John Oliver is sitting behind his large wooden desk in his barely furnished office on the eighth floor of 555 West 57th St., one floor below CBS' 60 Minutes. There are no books on the metal-and-wood bookcase behind him. The TV is switched to CNN, on mute. It is mid-March, and several rooms on the floor are in various stages of construction; in one, heaps of plaster and drywall litter the floor. Oliver and his executive producer, Tim Carvell, still are hiring writers and producers for Oliver's new HBO program, Last Week Tonight. And true to his self-deprecating Britishness, he's a little uncomfortable going from hardworking team player to boss.
"As a comedian, your whole life you're kind of trained to avoid authority," he explains. "So to suddenly be the authority is a very, very bizarre situation."
Dressed in all-weather boots, khakis and a black-and-blue checked flannel shirt, he tells me that managerial cliches are starting to come out of his mouth: "I'm talking about trying to get the departments to synchronize. I sound like everything I've come to hate."
For all his self-deprecation, Oliver, who turns 37 on April 23, also shows why HBO has so much confidence in him. He will do whatever it takes. Later that week, on a clear, cold Friday, one of the last days of the winter of the polar vortex, Oliver gamely will indulge us as we subject him to a rather unorthodox photo shoot concept. Standing stiffly on the roof of the CBS Broadcast Center, with the wind howling off the Hudson River, he watches as a prop guy hoists a bright orange, five-gallon bucket filled with water -- warm water -- over his head.

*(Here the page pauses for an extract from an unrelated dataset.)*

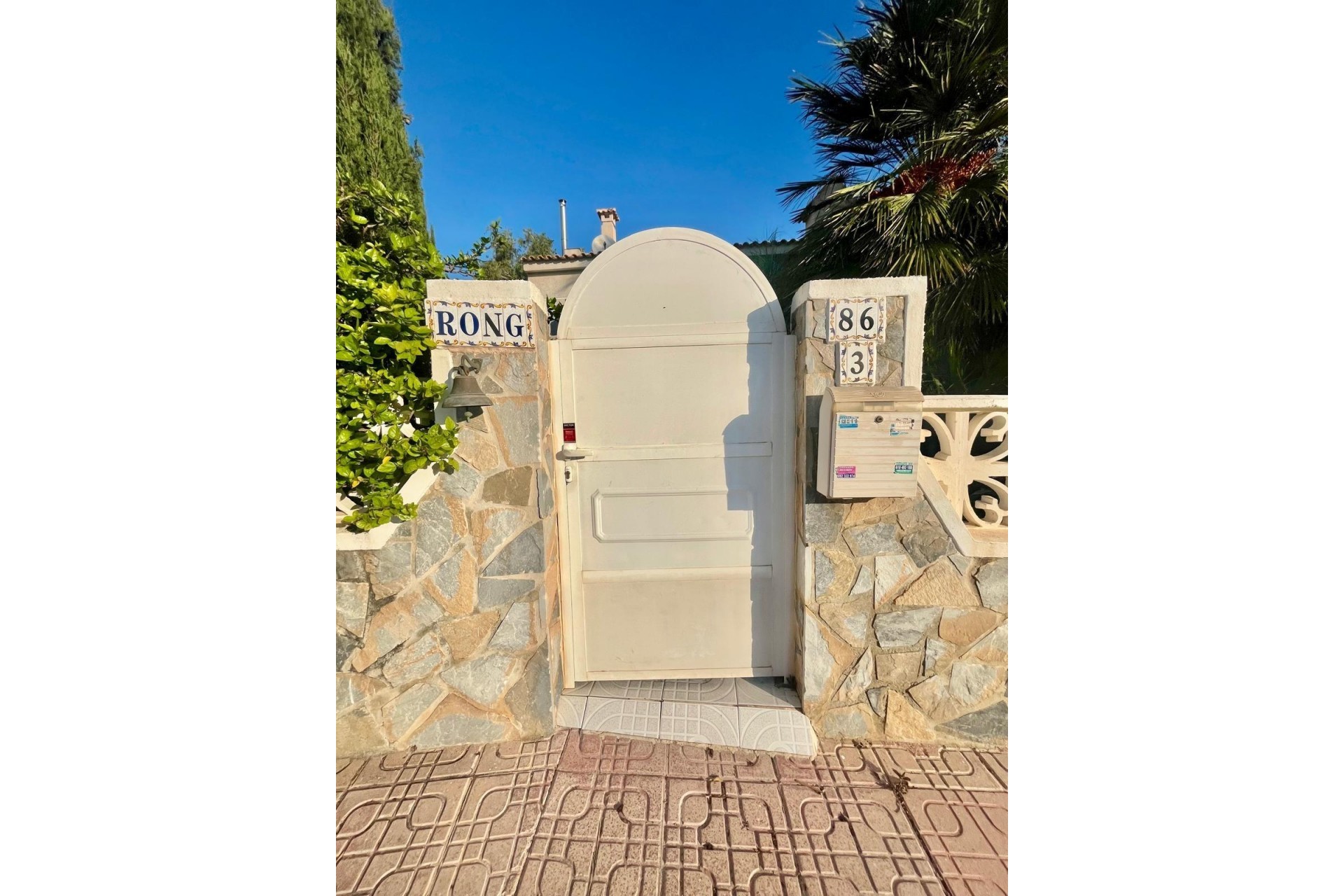Reventa - Villa -
San Miguel de Salinas - Blue Lagoon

"Ready?" asks the prop guy skeptically.
Oliver removes his glasses. "Go, top to bottom. Do it!"
The water washes over Oliver and lands with a splash at his feet. "There aren't many dry bits," he observes as he squishes over to a platform against the southern edge of the roof. An assistant hands him an umbrella while another splashes more water on his jacket. The photographer begins to snap away. "Are you OK, John?" he asks.

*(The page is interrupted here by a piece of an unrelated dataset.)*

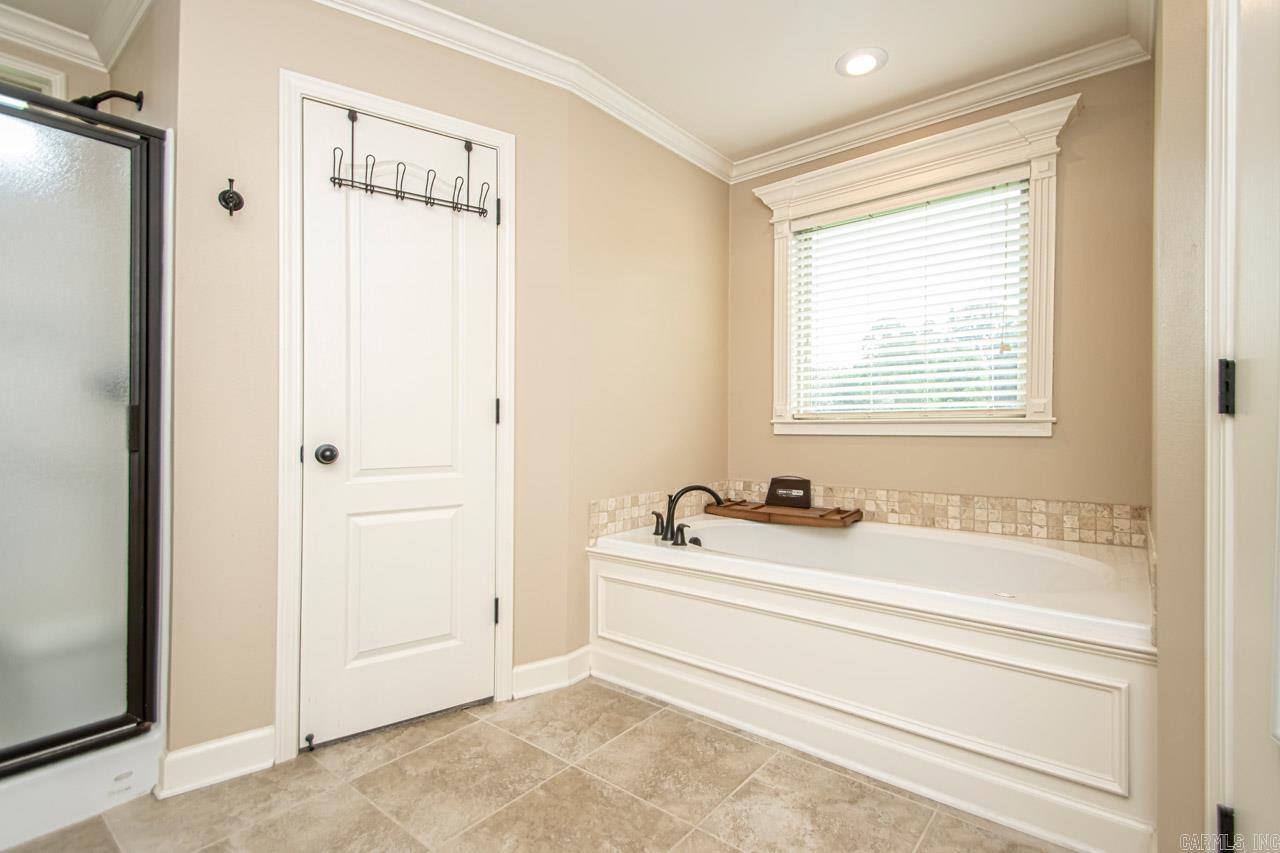 HICKORY NUT RIDGE - Residential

"Great," laughs Oliver, stifling a shiver. "Commit to the bit!"
Oliver has been committing to the bit, so to speak, almost his entire life, or since he realized sometime in secondary school that becoming a professional footballer was hopeless. As a child, he would lie awake at night listening to recordings of Richard Pryor. "I knew most Richard Pryor albums by heart by the time I was 15," he says. "You have not heard Richard Pryor stand-up until you've heard it through the voice of a 15-year-old white, British boy."

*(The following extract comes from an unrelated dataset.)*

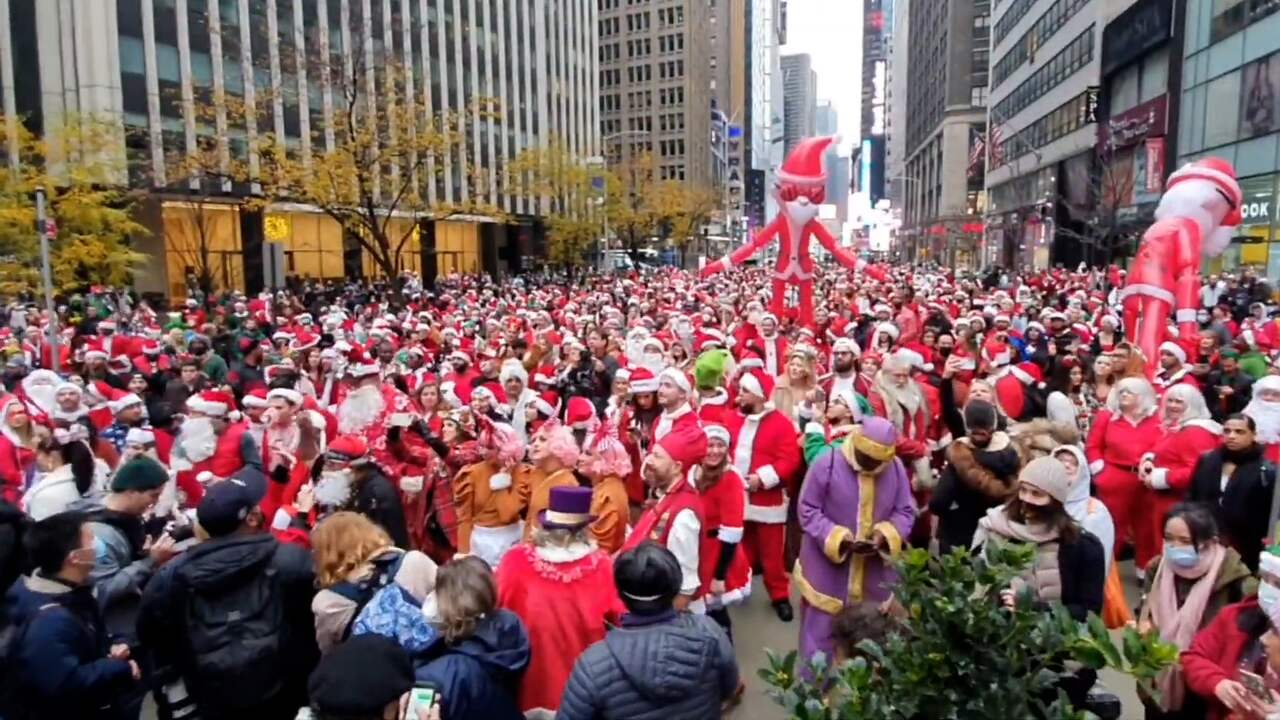 Duizenden kerstmannen lopen kroegentocht in New York NU.nl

By the time he was recruited in 2006 to become one of Jon Stewart's supporting players on Comedy Central's The Daily Show, he already had spent several years honing his act on the London student circuit and in dodgy basement venues. Now, Oliver is in the thick of launching his own show. Premiering April 27, Last Week Tonight will air at 11 p.m. Sundays on HBO. The half-hour show, which will be shot in front of a studio audience in the CBS studio previously occupied by Bethenny Frankel's doomed daytime talk show, will look familiar to Daily Show viewers in its structure -- the clip-driven A-block, field pieces, interviews. But the weekly format will mean that Oliver and his producers and writers will need to approach topics differently than his former colleagues on The Daily Show or The Colbert Report. Oliver mentions the recent General Motors recall as the type of story that demands greater attention.
Click on the photo to view more portraits of the comedian.
"It's pretty incredible considering they may have killed 300 people," says Oliver. "It's as bad as it gets, and yet there's been a slightly peculiar lack of outrage."
In his seven years on The Daily Show, Oliver has developed a nuanced understanding of America's political and social foibles and exposed them in brilliantly crafted field pieces on everything from gun control to the bankruptcy of Detroit. He has a gift for guilelessly stringing along interview subjects until they make the joke for him.
"He's improvising with someone who does not realize they are in a scene," explains Stewart. "The law of improvisation is, 'Yes, and …' But to get to a point that is going to crystallize your idea is not easy. He's always had sort of a strange affinity for it. I've seen people improve on it, start to understand it, start to see the field a little better. But I've rarely seen anybody do it as well as he does."